Computational photography refers broadly to sensing strategies and algorithmic techniques that enhance or extend the capabilities of digital photography. Representative techniques include high dynamic range (HDR) imaging, flash-noflash imaging, panoramic stitching, and refocusable photography. Although interest in computational photography has steadily increased among graphics and vision researchers, progress has been hampered by the lack of a portable, programmable camera platform with enough image quality and computing power to be used outside the laboratory, i.e. for everyday photography. Similarly, courses in computational photography are offered in dozens of universities nationwide. However, none of these courses provide students with a camera on which they can implement the algorithms currently being published in the literature.
To address these two problems, we are building an open-source camera platform (called Frankencamera) that is portable, self-powered, connected to the Internet, and accommodates SLR-quality lenses and sensors. We also describe a software architecture based on Linux, and an API with bindings for C++, that permits control and synchronization of camera functions at the microsecond time scale. Our API includes pre-capture functions like metering and focusing, an image post-processing pipeline, a user interface toolkit for the viewfinder, and support for current and future I/O devices. Our plan is to distribute this platform at minimal cost to researchers and university instructors nationwide, using the computational photography courses they already teach as a natural distribution vehicle. Instructors will apply to us to be part of this outreach program, and a standing committee will evaluate these applications.
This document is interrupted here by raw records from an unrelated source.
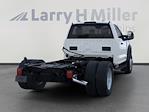 New 2026 Ford F-550 Regular Cab Cab Chassis for sale #SFLF260790 - photo 5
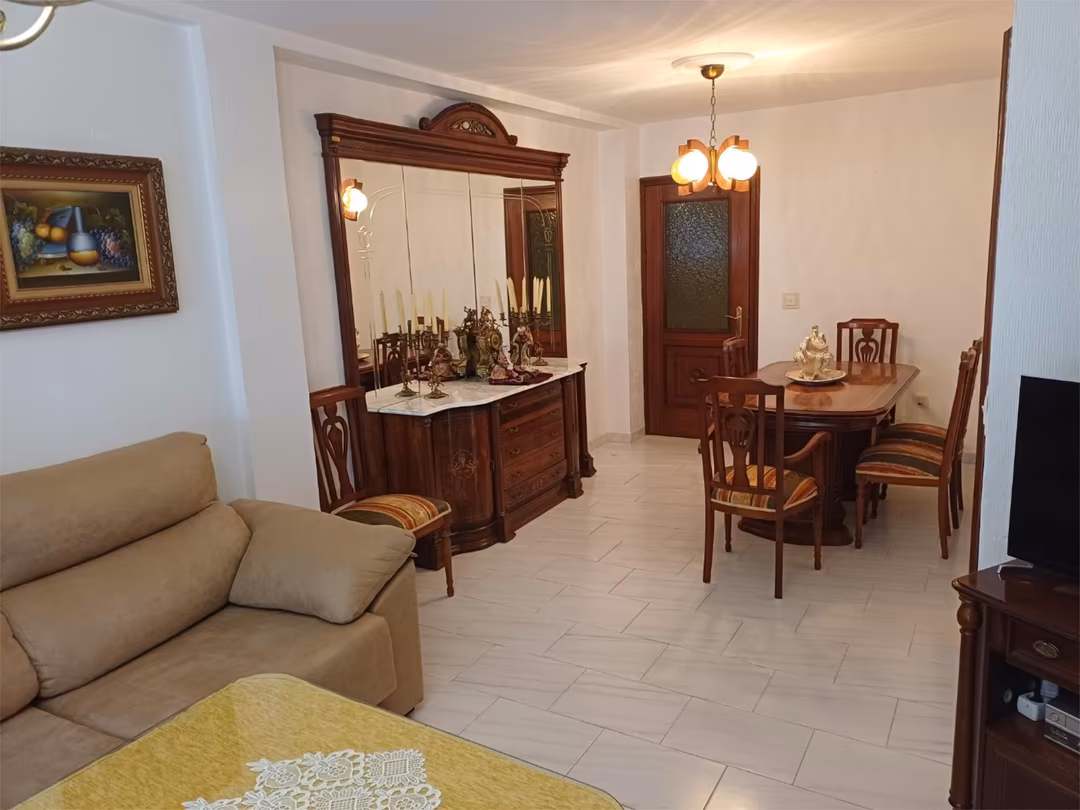 Piso en  Avenida Virgen de Fátima 13 - Foto 6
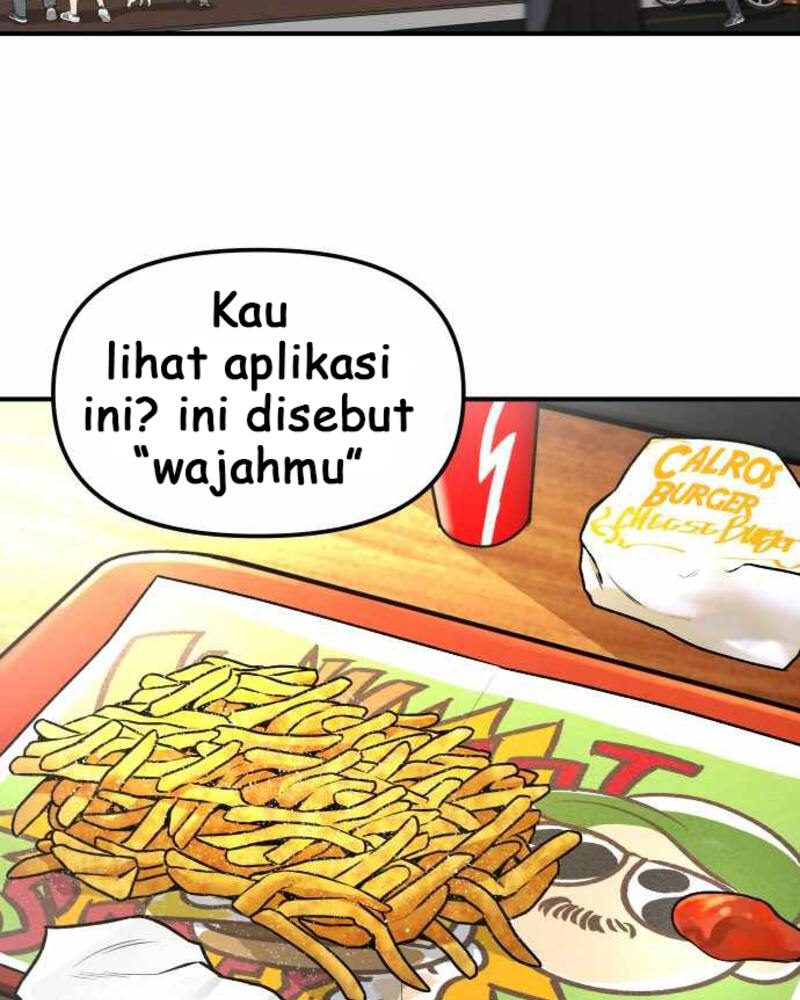 Alternate Life Bab 03 halaman 4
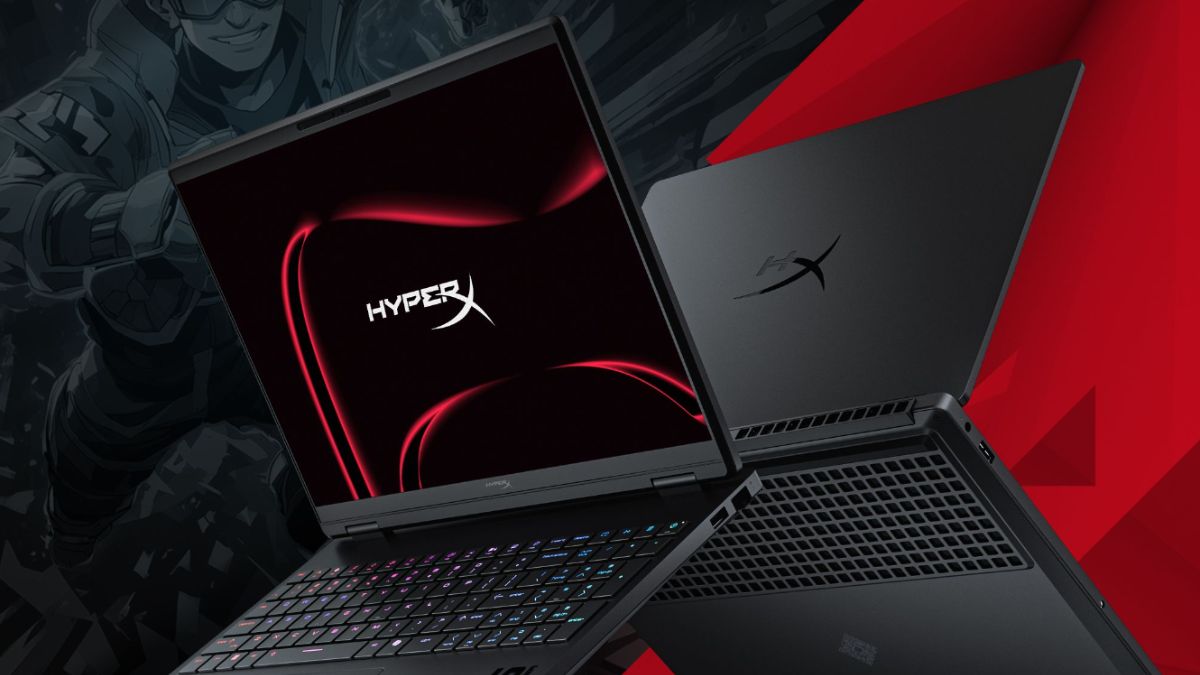 HP Laptop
Our long-term goal is to spur creation of a community of photographer-programmers who write plug-ins and apps for cameras.
Photography has under gone an enormous change over the past two decades, as we have shifted from using film to using silicon as our image sensing media. Original "digital" cameras were replica of "analog" film camera – the only change was in the material used in light sensing. Yet, the fact that the image was now essentially a collection of digital values opened up the ability to compute on these values before presenting them to the user, enabling one to "compute" the final image. This greatly increased the capabilities of the photographer, and led to the creation of a new research area called computation photography. Our grant was to further research in this area by creating new computational photography algorithms, and programmable camera platforms that would allow researchers to try these ideas out in the "field." This research has led to a number of user programmable cameras which we called Frankencameras, and software systems that work with them. The need to let the user have tighter control of the image led to the development of Fcam, a new camera application interface. This interface has been adopted by Google (Gcam) and is in their current release of Android. We also created Halide, a new language which made it much easier for users to create high-performance imaging applications. The key insight behind Halide is to separate the description of the algorithm from the scheduling optimizations (loop unrolling, exchange, fusions, vectorization, etc.) that are needed to achieve good performance. Halide has also been picked up and is being used in industry. With the ability for application designers to create interesting new applications, in the fourth version of the Frankencamera, the F4, we merged a high-performance image sensor, micro 4/3 lens, Zynq FPGA, and Android system to create an Android camera where an application programmer can program the image signal processor as well as the code running on the application processors. This allows a designer to create a new computational photography application, and try it out on his "camera" in the same day.